Guernica, nuestra siguiente parada, no fue solo un punto histórico. Fue una conmoción. El árbol sagrado, símbolo de libertades otorgadas y defendidas, me recordó cuán frágiles pueden ser los pactos humanos cuando el fanatismo impone su violencia. Allí, pensé en los sefardíes vascos, muchos de ellos conversos a la fuerza, otros expulsados, cuyas raíces fueron también arrancadas con brutalidad, como las ramas calcinadas del roble tras aquel bombardeo infame.

El atardecer nos sorprendió en Hondarribia, frontera viva entre España y Francia, fortaleza entre montañas y mar. Y fue aquí donde la historia susurró con fuerza. En sus callejuelas empedradas y su recinto amurallado, Hondarribia fue testigo de huidas silenciosas. Durante los siglos oscuros de persecución, este puerto —tan cercano a la libertad del otro lado de los Pirineos— se convirtió en una posible vía de escape para aquellos sefardíes que, bajo identidades fingidas, buscaban salvar sus vidas y su fe. Algunos llegaron disfrazados de comerciantes, otros como peregrinos o artesanos, esperando cruzar de noche hacia el País Vasco francés, donde las redes de ayuda y refugio, muchas veces discretas, les ofrecían esperanza. ¿Cuántos partieron desde su puerto hacia Bayona, Burdeos o más allá? ¿Cuántos dejaron atrás nombres, libros, y afectos, pero conservaron su memoria y su dignidad?

La arquitectura misma parece encerrar memoria: balcones cerrados como arcas, callejones que no quieren olvidar. En cada piedra, una historia susurrada. En cada escudo antiguo, una señal que el tiempo quiso esconder.

Finalmente, llegamos a San Sebastián, la joya de Guipúzcoa. En su Parte Vieja, mientras saboreábamos pintxos que reúnen lo mejor del mar y la tierra, sentí que la búsqueda ancestral también pasa por los sentidos. Que la memoria no solo se honra con palabras o archivos, sino también con aromas, sabores y paisajes que despiertan algo dormido en nuestra sangre.

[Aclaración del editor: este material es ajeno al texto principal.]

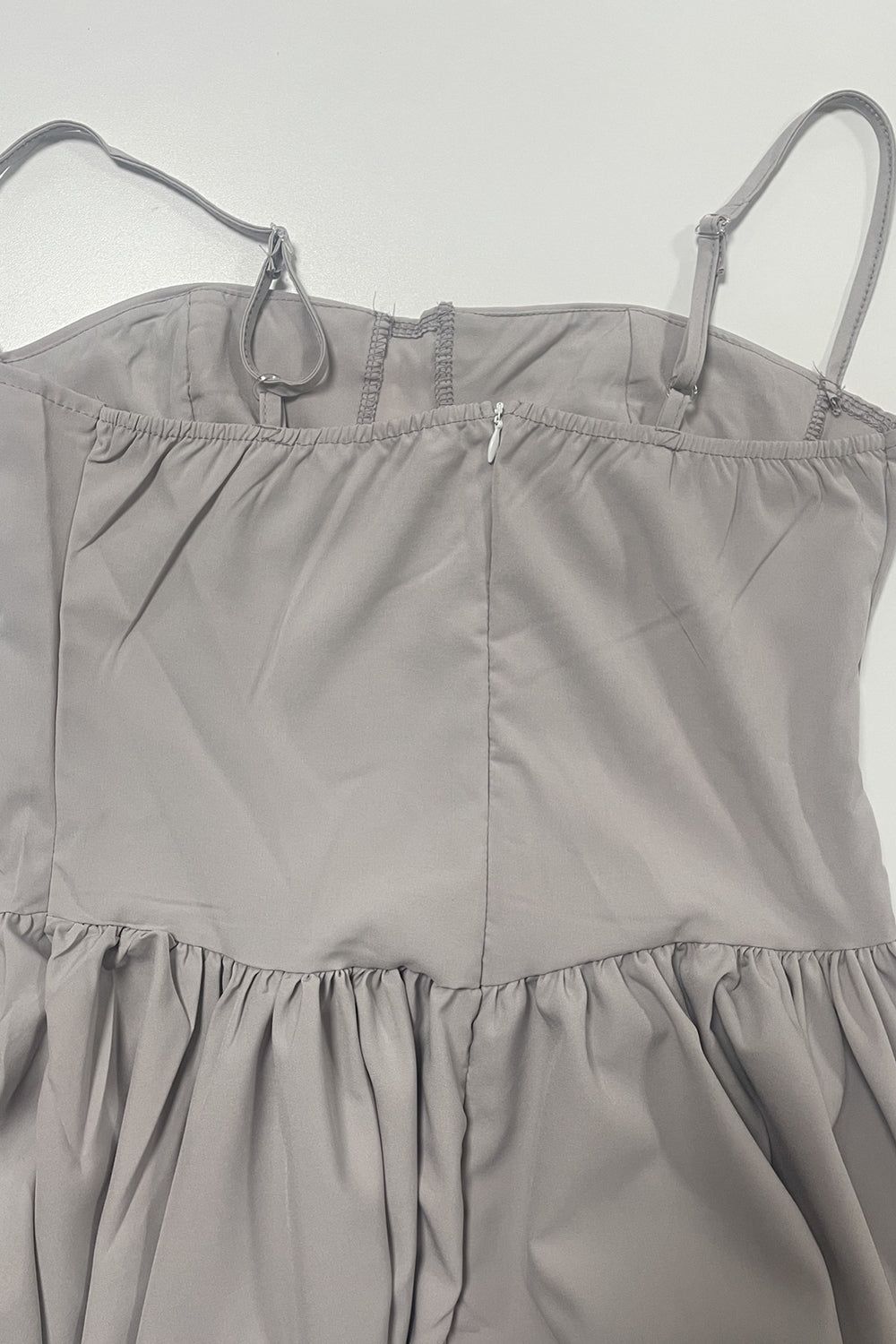 Vintage Tea Length Spaghetti Straps A-Line Graduation Party Dress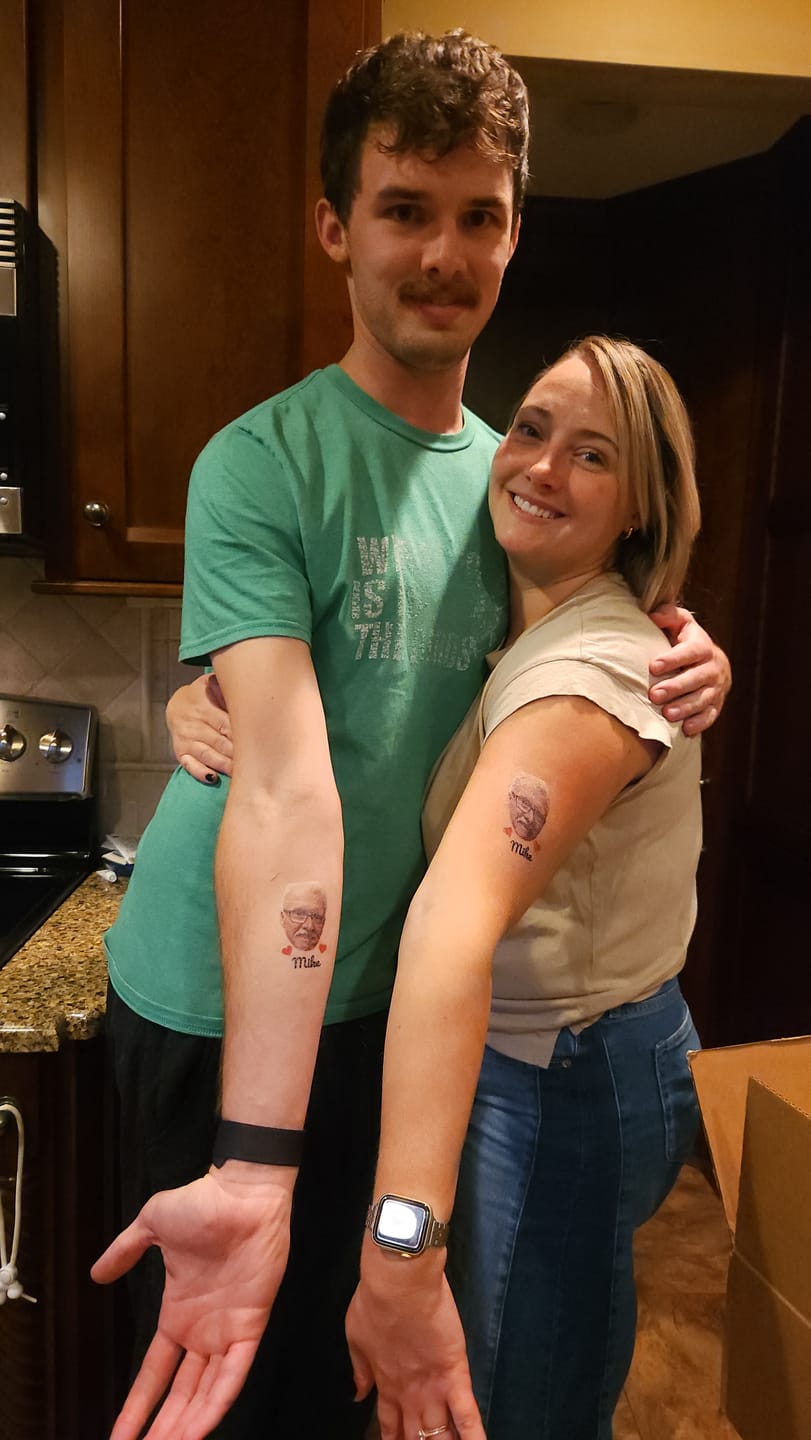 Customer photo review of Double Heart Love!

Hoy comprendí que el País Vasco no es solo una región con identidad firme y lengua milenaria. Es también una tierra donde la historia sefardí, aunque negada durante siglos, sigue viva en los silencios, en los gestos, en los rostros. Un lugar donde el arte, la memoria y el paladar se entrelazan con la herencia de quienes fuimos. Porque en este viaje, cada kilómetro recorrido es también un paso más hacia Sefarad.